> _TASK DESCRIPTION_: Would you print the lines below exactly, beginning at the line that has "Angel Dear Sweet" and stopping after the line that has "İzole edilmiş beyaz"? Only those lines, and no pictures.
[[ SOURCE RECORDS open ]]
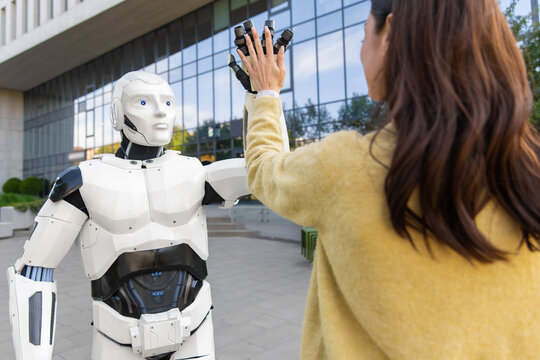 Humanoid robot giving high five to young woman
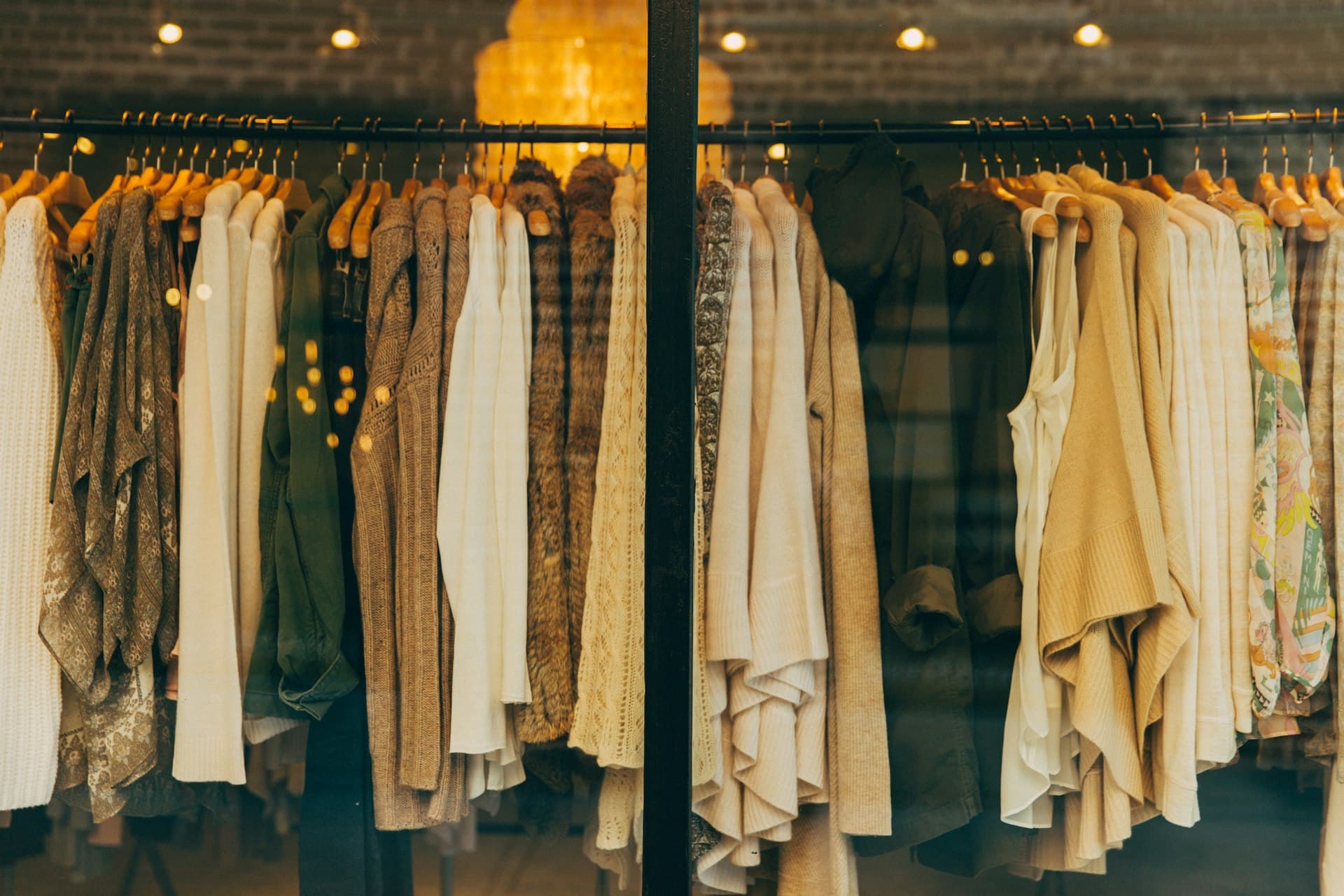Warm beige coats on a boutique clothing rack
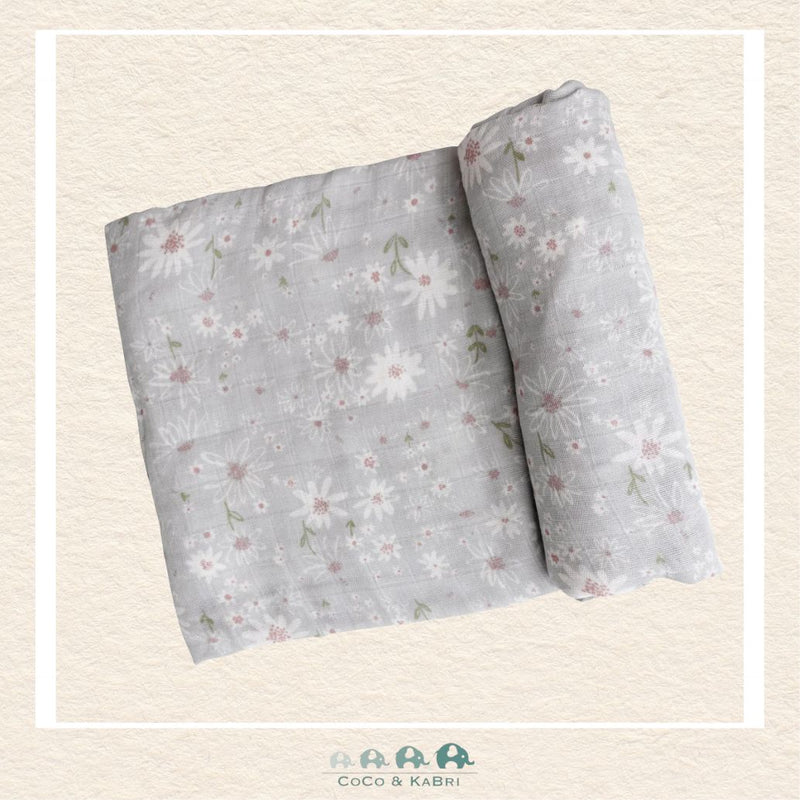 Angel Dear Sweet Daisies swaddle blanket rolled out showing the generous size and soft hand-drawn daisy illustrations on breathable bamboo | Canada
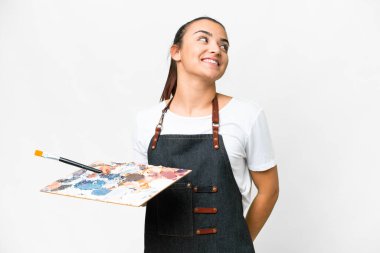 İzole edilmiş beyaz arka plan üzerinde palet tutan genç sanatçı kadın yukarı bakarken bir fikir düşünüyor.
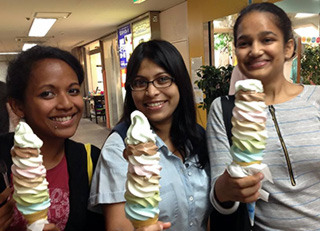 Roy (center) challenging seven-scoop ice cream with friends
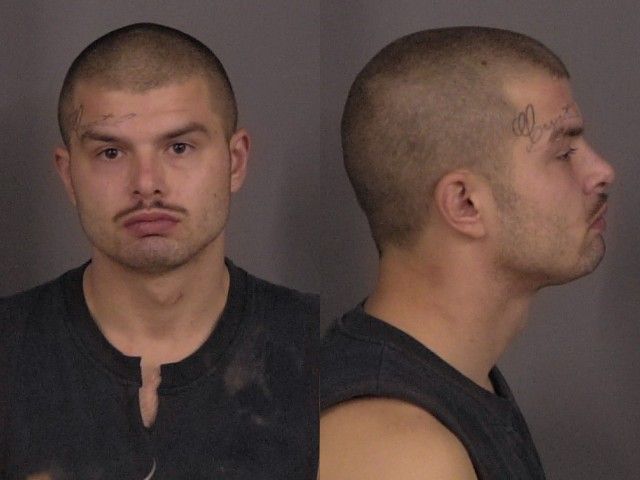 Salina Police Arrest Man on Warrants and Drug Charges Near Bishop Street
[[ SOURCE RECORDS closed ]]
> _RESULT OF THIS TASK_:
 Angel Dear Sweet Daisies swaddle blanket rolled out showing the generous size and soft hand-drawn daisy illustrations on breathable bamboo | Canada
 İzole edilmiş beyaz arka plan üzerinde palet tutan genç sanatçı kadın yukarı bakarken bir fikir düşünüyor.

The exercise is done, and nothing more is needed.